### Task material:
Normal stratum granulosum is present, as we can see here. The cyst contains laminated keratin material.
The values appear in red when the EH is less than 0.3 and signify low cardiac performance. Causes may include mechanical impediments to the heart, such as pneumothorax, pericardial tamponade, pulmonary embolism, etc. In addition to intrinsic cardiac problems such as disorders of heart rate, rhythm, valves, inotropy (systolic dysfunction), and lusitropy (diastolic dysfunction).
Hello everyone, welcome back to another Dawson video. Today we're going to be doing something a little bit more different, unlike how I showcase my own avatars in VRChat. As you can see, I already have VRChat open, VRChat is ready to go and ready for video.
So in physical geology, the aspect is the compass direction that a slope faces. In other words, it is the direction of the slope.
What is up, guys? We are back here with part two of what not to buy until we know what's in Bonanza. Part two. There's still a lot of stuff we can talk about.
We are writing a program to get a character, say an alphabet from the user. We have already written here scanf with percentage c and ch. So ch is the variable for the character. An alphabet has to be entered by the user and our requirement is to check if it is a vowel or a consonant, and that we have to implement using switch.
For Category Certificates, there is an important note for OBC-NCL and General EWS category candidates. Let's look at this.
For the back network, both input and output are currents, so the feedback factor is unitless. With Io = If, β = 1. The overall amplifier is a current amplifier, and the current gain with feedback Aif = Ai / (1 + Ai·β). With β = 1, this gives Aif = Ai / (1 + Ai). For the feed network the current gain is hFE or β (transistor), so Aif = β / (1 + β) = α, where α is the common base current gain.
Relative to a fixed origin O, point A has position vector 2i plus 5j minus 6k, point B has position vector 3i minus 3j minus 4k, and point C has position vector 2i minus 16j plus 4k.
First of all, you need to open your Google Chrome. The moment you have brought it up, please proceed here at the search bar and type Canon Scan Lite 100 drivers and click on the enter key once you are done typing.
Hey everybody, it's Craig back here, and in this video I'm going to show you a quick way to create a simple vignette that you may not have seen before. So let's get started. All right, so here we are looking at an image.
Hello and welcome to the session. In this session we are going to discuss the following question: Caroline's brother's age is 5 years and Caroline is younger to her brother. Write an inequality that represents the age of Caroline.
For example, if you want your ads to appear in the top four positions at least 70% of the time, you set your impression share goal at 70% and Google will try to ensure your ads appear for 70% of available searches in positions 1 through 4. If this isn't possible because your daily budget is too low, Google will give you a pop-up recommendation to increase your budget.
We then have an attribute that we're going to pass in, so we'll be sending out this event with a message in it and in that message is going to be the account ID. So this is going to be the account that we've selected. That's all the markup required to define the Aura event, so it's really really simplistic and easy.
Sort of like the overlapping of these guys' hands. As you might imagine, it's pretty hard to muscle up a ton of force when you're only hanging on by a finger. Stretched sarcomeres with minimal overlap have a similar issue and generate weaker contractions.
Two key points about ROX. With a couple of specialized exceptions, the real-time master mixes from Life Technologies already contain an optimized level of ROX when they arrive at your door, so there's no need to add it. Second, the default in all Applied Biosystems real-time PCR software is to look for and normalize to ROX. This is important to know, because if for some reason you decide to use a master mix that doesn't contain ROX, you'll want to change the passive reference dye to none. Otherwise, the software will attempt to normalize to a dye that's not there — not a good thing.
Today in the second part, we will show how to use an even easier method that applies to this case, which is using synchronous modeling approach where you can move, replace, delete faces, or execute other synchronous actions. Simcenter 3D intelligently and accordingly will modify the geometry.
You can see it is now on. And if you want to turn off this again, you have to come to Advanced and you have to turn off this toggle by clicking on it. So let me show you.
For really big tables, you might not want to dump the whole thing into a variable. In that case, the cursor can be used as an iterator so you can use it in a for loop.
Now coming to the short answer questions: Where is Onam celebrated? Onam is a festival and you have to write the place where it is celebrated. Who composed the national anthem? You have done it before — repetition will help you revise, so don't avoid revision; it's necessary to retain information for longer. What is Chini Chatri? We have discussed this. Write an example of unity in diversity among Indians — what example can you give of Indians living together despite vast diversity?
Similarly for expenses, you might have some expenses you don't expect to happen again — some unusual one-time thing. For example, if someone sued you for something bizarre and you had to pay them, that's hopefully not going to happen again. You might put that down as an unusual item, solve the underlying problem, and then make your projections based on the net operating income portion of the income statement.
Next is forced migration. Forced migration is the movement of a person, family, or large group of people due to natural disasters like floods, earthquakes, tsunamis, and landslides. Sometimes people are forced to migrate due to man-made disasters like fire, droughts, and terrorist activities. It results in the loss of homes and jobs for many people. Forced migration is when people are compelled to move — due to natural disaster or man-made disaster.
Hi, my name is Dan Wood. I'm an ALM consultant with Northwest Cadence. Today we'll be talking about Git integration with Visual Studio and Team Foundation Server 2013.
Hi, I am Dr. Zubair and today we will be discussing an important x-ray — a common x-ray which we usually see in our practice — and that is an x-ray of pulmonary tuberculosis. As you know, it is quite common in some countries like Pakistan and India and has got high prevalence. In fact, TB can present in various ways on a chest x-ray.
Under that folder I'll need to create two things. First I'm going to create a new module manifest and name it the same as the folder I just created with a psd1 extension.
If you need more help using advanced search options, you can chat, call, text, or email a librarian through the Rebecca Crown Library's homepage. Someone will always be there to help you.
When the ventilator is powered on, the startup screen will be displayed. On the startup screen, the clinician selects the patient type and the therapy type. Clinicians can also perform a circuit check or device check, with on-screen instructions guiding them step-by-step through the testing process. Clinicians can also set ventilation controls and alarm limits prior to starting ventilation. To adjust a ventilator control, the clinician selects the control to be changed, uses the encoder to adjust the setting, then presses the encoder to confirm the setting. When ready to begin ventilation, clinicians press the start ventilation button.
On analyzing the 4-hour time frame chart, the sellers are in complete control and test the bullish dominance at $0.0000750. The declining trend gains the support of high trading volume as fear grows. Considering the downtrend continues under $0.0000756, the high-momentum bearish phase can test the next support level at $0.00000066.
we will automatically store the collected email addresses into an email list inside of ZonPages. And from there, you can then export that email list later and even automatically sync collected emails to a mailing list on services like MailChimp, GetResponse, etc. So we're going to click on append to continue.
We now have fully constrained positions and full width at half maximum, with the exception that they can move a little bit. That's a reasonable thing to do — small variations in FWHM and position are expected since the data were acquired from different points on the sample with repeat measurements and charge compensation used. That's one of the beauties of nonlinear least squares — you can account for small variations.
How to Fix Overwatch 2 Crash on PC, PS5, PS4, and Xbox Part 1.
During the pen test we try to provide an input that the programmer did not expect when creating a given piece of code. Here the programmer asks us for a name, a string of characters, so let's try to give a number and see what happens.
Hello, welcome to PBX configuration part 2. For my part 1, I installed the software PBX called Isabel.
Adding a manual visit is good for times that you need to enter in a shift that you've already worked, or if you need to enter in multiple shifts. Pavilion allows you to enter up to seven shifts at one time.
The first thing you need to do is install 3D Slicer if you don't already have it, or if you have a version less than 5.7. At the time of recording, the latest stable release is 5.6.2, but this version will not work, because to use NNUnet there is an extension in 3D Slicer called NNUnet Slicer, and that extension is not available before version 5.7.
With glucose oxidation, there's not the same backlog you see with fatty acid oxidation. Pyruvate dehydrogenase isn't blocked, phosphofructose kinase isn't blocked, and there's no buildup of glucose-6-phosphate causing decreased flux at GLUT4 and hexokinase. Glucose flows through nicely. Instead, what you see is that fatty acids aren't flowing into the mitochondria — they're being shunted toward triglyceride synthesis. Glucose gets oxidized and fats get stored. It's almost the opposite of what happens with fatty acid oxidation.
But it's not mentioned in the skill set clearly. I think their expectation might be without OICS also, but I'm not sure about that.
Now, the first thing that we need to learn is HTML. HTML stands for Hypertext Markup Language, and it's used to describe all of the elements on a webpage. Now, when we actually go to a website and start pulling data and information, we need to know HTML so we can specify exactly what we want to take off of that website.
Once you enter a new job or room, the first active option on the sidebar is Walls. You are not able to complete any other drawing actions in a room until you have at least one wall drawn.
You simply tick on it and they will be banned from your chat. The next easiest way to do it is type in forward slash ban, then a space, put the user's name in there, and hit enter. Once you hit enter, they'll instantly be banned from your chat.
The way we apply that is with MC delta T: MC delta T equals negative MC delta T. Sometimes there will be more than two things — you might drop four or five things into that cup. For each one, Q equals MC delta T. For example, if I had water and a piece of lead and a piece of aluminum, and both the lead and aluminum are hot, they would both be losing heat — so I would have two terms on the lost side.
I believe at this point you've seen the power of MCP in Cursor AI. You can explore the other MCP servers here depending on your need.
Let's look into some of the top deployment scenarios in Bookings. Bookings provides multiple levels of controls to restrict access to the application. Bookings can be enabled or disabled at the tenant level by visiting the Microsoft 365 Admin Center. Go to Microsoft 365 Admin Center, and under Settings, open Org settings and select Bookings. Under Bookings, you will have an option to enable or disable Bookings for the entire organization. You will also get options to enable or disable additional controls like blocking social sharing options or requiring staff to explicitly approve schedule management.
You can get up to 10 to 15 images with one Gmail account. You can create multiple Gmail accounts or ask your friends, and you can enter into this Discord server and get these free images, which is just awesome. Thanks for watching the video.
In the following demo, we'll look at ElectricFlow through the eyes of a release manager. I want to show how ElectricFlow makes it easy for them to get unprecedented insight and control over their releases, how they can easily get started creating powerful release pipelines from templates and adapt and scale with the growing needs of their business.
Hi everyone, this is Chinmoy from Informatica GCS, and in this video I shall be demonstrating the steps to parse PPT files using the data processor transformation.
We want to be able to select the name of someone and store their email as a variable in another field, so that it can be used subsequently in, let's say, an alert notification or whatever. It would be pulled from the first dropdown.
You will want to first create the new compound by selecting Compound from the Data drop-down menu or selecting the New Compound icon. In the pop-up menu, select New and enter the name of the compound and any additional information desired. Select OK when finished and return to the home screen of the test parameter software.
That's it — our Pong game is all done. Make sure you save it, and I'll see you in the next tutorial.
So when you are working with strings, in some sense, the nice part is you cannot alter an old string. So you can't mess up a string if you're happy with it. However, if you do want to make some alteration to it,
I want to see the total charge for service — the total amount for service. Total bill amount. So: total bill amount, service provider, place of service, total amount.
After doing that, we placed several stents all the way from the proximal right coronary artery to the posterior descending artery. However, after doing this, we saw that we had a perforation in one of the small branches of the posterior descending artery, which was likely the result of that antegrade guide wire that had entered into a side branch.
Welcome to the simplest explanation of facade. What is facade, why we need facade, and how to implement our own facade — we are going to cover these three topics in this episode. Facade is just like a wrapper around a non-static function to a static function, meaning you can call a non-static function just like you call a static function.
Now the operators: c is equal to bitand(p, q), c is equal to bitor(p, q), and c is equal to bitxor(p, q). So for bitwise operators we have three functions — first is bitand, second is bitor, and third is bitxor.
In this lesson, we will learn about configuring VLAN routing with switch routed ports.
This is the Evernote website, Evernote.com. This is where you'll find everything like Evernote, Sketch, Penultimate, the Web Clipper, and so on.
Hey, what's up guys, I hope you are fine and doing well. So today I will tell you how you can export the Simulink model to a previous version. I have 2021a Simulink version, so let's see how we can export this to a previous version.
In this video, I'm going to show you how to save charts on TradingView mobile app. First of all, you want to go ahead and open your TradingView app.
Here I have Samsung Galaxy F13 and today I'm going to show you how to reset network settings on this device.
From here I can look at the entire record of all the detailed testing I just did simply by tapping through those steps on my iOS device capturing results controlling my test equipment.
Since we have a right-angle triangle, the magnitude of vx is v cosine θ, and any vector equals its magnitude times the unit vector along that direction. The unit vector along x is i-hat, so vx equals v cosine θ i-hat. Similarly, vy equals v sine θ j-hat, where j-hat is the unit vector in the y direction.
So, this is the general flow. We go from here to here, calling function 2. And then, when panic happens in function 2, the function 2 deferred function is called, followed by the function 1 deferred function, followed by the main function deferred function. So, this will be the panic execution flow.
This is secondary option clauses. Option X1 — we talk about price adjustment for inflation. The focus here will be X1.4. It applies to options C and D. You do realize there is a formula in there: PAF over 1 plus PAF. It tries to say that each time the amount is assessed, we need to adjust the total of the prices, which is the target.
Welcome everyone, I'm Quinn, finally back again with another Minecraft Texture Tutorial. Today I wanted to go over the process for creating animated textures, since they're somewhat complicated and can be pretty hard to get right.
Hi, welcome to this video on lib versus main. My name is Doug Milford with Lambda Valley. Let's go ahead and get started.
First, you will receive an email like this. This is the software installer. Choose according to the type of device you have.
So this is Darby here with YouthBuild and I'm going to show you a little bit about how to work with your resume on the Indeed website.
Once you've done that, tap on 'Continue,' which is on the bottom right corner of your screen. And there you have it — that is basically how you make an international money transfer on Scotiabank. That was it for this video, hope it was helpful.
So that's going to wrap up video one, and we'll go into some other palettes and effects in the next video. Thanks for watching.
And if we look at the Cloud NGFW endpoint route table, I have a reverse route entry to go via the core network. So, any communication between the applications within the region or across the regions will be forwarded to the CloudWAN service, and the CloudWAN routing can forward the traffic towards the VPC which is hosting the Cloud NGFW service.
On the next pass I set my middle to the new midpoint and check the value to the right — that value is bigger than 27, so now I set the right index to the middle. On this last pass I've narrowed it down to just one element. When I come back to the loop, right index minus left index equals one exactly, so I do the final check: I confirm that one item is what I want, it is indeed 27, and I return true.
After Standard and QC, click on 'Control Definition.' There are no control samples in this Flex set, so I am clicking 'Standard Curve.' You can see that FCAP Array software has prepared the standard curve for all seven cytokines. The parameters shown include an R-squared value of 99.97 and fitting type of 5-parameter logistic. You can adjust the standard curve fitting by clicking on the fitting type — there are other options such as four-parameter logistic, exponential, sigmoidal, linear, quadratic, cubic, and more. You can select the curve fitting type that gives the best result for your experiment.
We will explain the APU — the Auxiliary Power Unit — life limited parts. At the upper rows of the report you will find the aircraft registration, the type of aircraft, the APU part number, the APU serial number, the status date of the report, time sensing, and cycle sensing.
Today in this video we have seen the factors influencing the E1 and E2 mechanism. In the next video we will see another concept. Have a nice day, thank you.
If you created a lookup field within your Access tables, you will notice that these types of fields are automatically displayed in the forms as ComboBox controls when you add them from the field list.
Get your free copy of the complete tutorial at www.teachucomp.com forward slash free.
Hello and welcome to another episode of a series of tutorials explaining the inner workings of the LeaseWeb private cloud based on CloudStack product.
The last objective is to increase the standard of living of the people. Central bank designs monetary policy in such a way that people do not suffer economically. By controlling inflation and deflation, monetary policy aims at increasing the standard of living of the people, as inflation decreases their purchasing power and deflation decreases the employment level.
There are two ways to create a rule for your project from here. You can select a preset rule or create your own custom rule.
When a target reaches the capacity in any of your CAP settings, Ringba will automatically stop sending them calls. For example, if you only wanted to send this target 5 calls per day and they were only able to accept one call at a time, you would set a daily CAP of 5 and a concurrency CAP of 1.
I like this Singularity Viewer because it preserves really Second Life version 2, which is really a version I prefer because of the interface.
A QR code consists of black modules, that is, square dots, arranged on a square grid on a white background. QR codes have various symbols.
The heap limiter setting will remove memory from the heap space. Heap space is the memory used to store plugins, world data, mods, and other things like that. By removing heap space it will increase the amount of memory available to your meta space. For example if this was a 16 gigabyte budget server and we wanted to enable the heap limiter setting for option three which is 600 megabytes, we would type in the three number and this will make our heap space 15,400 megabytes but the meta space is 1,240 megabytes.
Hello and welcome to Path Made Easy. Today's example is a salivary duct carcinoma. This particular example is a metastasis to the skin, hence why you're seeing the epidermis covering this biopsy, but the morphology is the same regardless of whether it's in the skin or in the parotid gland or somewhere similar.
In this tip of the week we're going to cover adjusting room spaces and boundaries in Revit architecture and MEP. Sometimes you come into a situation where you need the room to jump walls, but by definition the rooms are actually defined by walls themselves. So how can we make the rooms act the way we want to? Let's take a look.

### Task item:
Where the line holding "First, you will" appears in the listing above, start reproducing exactly, and end with the line holding "So that's going".

### Result below:
First, you will receive an email like this. This is the software installer. Choose according to the type of device you have.
So this is Darby here with YouthBuild and I'm going to show you a little bit about how to work with your resume on the Indeed website.
Once you've done that, tap on 'Continue,' which is on the bottom right corner of your screen. And there you have it — that is basically how you make an international money transfer on Scotiabank. That was it for this video, hope it was helpful.
So that's going to wrap up video one, and we'll go into some other palettes and effects in the next video. Thanks for watching.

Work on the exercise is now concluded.